Mike Brown describes himself as the astronomer who killed Pluto. In a January 20 statement from Caltech, Brown gave a nod to Pluto’s demotion from full planet status in 2006 – and indicated that he believes the large mass of the undiscovered planet would surely cause the International Astronomical Union to give it full planet status – when he commented:

This would be a real ninth planet.

There have only been two true planets discovered since ancient times [Uranus and Neptune], and this would be a third.

It’s a pretty substantial chunk of our solar system that’s still out there to be found, which is pretty exciting.

The new planet – if it exists – would be some 5,000 times the mass of Pluto.

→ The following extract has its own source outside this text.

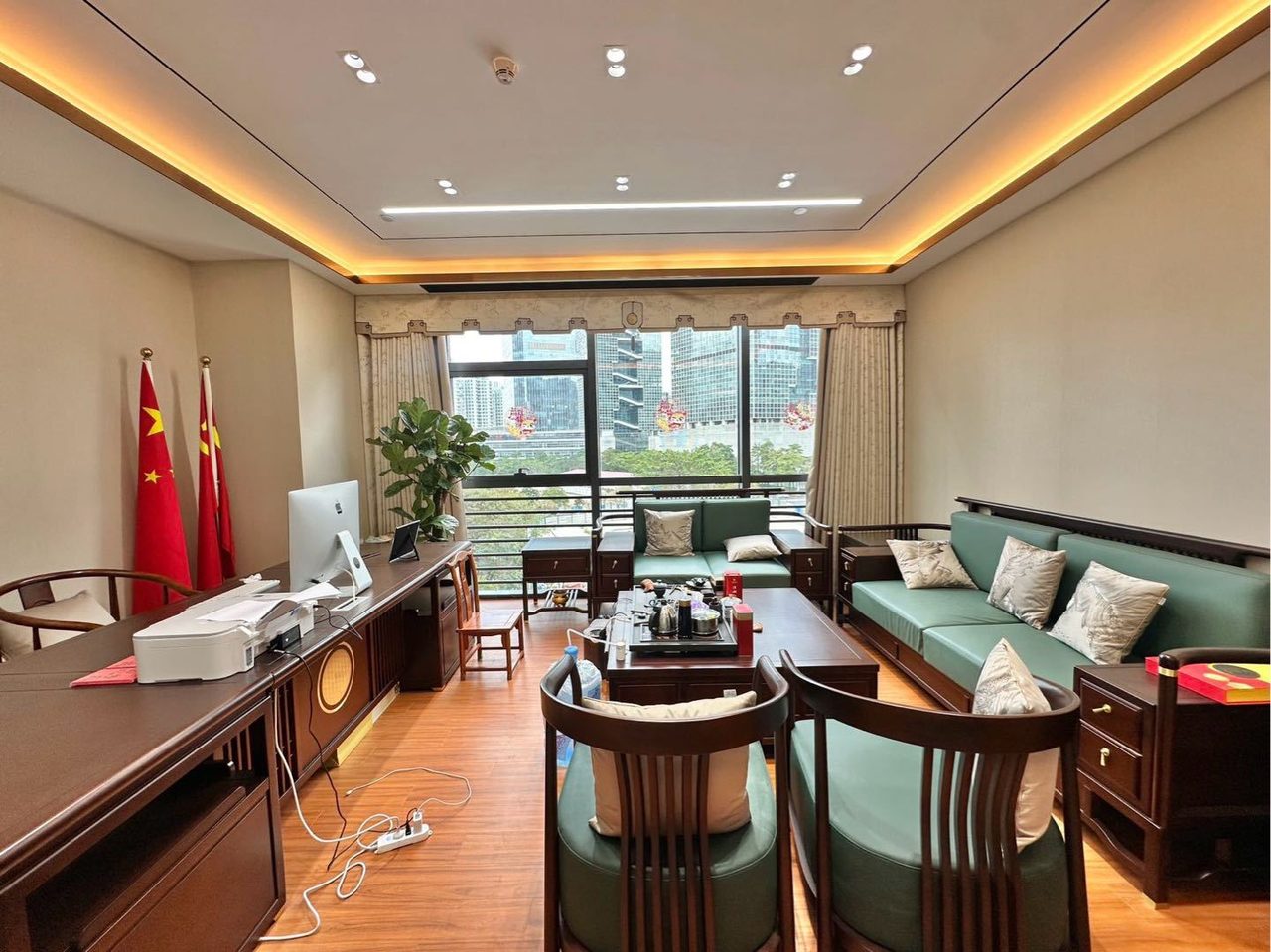 南山区科技园 北科大厦628㎡豪装办公间中层出租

Read Batygin and Brown’s paper, here.

The six most distant known objects in the solar system with orbits exclusively beyond Neptune (magenta) all mysteriously line up in a single direction. Also, when viewed in three dimensions, they tilt nearly identically away from the plane of the solar system. Batygin and Brown show that a planet with 10 times the mass of the earth in a distant eccentric orbit anti-aligned with the other six objects (orange) is required to maintain this configuration. This diagram was created using WorldWide Telescope. (Credit: R. Hurt / IPAC / Caltech)

The six most distant known objects in the solar system with orbits exclusively beyond Neptune (magenta) all mysteriously line up in a single direction. When viewed in three dimensions, they tilt nearly identically away from the plane of the solar system. Batygin and Brown showed that a planet with 10 times the mass of the earth in a distant eccentric orbit anti-aligned with the other six objects (orange) is required to maintain this configuration. This diagram was created using WorldWide Telescope. (Credit: R. Hurt / IPAC / Caltech)

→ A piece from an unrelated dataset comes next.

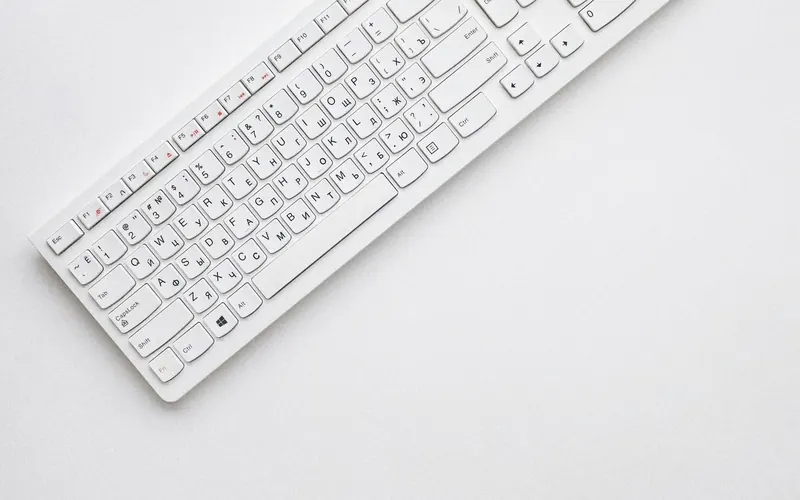 Windows电脑桌面办公场景图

Evidence for Planet 9 has been expected. A major planet on the outskirts of our solar system helps explain a number of mysterious features of the field of icy objects and debris beyond Neptune known as the Kuiper Belt. Astronomer Batygin said:

Although we were initially quite skeptical that this planet could exist, as we continued to investigate its orbit and what it would mean for the outer solar system, we become increasingly convinced that it is out there.

For the first time in over 150 years, there is solid evidence that the solar system’s planetary census is incomplete.

Read more at CalTech’s website.

Bottom line: Astronomers have not discovered a 9th major planet orbiting on the outskirts of our solar system, but the recent work by Caltech astronomers gives the astronomical community solid theoretical evidence that a 9th planet does exist. If so, armed with the new theoretical predictions, observational astronomers might be able to locate the planet.